# 1990 chevy 4x4



## tdrea (Jan 2, 2011)

I have a 1990 chevy 4x4 truck that I would like to have a new radio/cd player installed in. I afraid that i don't understand all of the lingo that the experts tell me when i am looking at them. I just want a good radio and all new speakers so that i can listen to it and actually hear it in my old age. I don't want to thump when i go down the road. I would like to have the xm in it also if that is possible. If you can tell me exactly what i am needing then please tell me. Size speakers, how many of each, type of radio that would be good for me etc... They try to sell me features that I don't even know what they are. Helllllllllp please. It also has motor noise thru the speakers and ive had all of the gizmos put on it to stop it and it never has. What do i need to do about this issue.

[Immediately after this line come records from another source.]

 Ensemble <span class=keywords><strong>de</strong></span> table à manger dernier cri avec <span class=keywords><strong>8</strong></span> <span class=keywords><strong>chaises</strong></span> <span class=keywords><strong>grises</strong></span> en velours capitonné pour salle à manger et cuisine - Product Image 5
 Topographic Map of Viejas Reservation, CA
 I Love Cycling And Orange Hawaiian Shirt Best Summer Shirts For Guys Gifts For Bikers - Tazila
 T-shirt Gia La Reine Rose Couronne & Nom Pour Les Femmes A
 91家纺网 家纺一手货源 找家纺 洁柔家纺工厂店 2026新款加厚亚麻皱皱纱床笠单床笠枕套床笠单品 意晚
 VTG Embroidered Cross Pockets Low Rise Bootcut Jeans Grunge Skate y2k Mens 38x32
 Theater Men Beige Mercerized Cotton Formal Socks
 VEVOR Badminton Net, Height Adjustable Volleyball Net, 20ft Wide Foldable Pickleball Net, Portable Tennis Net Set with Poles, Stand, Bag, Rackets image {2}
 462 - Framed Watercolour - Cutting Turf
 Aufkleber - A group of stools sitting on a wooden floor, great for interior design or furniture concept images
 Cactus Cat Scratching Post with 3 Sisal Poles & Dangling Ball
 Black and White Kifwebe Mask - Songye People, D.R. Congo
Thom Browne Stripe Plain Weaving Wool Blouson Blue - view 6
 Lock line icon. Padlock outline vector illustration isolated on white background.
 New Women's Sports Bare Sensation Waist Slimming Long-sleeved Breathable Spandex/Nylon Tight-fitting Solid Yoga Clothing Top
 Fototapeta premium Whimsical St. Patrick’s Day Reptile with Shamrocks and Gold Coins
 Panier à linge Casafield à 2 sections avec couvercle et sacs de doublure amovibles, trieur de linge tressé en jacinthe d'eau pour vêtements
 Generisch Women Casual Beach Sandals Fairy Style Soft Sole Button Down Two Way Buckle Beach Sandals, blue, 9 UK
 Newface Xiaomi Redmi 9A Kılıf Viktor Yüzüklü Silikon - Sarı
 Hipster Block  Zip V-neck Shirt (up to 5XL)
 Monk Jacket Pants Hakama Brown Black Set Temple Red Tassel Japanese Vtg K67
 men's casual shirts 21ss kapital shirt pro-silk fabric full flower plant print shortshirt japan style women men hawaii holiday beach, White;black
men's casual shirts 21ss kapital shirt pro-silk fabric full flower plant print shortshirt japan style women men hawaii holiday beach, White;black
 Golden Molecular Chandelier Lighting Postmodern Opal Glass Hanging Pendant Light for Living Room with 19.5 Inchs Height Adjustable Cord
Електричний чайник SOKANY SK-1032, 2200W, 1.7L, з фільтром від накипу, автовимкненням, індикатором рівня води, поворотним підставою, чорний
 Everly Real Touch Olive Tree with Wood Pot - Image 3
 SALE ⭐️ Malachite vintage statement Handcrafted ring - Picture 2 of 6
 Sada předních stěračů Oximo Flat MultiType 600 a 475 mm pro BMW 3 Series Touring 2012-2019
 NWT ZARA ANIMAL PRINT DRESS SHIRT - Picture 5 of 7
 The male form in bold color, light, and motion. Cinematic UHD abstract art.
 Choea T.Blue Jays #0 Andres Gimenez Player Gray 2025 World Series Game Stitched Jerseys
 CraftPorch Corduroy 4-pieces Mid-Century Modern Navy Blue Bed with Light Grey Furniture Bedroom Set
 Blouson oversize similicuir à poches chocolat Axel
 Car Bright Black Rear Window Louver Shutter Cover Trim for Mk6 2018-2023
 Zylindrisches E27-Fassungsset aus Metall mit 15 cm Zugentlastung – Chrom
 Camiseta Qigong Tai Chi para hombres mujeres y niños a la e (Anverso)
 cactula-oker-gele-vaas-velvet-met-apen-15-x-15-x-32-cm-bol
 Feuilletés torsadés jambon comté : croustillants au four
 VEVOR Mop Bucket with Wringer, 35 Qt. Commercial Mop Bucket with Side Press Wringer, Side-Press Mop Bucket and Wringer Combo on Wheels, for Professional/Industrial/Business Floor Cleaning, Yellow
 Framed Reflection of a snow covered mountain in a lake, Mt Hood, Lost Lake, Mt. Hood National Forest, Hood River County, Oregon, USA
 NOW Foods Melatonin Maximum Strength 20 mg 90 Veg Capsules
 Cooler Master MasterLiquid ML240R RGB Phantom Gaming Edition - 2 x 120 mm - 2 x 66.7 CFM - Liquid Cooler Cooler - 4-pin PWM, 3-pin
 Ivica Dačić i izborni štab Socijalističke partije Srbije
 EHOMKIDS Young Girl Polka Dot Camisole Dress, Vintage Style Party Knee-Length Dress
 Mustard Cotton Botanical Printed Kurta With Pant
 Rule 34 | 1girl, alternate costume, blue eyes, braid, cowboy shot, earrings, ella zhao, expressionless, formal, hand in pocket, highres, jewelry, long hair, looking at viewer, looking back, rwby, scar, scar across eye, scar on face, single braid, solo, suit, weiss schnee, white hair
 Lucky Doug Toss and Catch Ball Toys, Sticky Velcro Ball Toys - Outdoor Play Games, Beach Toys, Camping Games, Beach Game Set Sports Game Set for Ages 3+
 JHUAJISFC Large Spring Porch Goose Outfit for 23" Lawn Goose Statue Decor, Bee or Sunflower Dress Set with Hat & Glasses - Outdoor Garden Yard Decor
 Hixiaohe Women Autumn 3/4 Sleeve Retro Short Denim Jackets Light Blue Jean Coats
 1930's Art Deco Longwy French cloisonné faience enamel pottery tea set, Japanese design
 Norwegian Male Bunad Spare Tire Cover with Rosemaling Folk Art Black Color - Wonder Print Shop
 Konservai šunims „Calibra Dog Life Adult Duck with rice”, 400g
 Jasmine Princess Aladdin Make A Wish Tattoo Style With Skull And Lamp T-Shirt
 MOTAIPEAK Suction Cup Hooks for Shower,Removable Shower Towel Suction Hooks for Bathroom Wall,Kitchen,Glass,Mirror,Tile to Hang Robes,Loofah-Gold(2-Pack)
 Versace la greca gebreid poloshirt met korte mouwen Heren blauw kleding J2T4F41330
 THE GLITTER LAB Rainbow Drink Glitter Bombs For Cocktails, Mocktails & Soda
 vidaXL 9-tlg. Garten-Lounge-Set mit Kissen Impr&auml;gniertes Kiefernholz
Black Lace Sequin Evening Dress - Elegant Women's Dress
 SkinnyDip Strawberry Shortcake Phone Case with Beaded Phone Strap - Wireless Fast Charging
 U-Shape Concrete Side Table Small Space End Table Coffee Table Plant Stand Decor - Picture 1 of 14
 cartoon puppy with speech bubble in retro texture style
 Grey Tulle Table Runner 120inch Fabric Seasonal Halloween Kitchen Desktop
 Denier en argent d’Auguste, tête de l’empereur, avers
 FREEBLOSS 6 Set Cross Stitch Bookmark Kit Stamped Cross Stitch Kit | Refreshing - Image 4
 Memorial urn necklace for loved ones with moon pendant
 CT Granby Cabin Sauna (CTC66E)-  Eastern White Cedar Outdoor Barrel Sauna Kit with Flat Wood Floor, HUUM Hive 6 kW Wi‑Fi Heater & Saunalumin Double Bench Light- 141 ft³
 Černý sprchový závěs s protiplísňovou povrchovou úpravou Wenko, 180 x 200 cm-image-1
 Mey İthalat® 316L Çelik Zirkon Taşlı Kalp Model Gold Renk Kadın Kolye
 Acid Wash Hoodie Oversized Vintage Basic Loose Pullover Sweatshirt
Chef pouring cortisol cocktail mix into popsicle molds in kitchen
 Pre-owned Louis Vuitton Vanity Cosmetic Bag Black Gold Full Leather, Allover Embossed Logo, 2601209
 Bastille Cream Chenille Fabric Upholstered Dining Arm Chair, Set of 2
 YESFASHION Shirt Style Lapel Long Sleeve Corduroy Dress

This truck has the seperate radio and casette player. Player is in the middle of the truck dash.

Thanks
Tdrea


----------



## jaggerwild (May 21, 2007)

tdrea said:


> I have a 1990 chevy 4x4 truck that I would like to have a new radio/cd player installed in. I afraid that i don't understand all of the lingo that the experts tell me when i am looking at them. I just want a good radio and all new speakers so that i can listen to it and actually hear it in my old age. I don't want to thump when i go down the road. I would like to have the xm in it also if that is possible. If you can tell me exactly what i am needing then please tell me. Size speakers, how many of each, type of radio that would be good for me etc... They try to sell me features that I don't even know what they are. Helllllllllp please. It also has motor noise thru the speakers and ive had all of the gizmos put on it to stop it and it never has. What do i need to do about this issue.
> 
> This truck has the seperate radio and casette player. Player is in the middle of the truck dash.
> 
> ...


 Source "the12volt.com"
http://www.the12volt.com/installbay/stereodetail/471.html



> Constant 12V+	Orange
> Switched 12V+ Yellow
> Ground Black
> Illumination Gray
> ...


 I'm not sure what yer rear speakers are but I'd guess 5X9, a new (head unit) radio may fix the engine noise, they may need to cut the dash if your old radio is a "shaft"style though some places still sell these to If you don't want the truck cut up. Speakers are sold in pairs(2 of each) so no issue there, only other thing is you can get a CD player or cassette, and they also have navigational units too.


----------



## lcurle (Oct 5, 2008)

4x6 in the front dash and if an extended cab in the rear panels, you need s 99-3000 Metra dash kit to mount where the eq/cassett player is and a Metra 70-1858 for the wire harness. As far as the cd player is concerned you can get a basic JVC-KDR210 that has an MP3 jack and a XM radio kit and its plug and play from there. Go to crutchfield.com and they can help you out a lot. If you want to do it yourself there is A LOT of stuff to do in these trucks to install the aftermarker cd player.


----------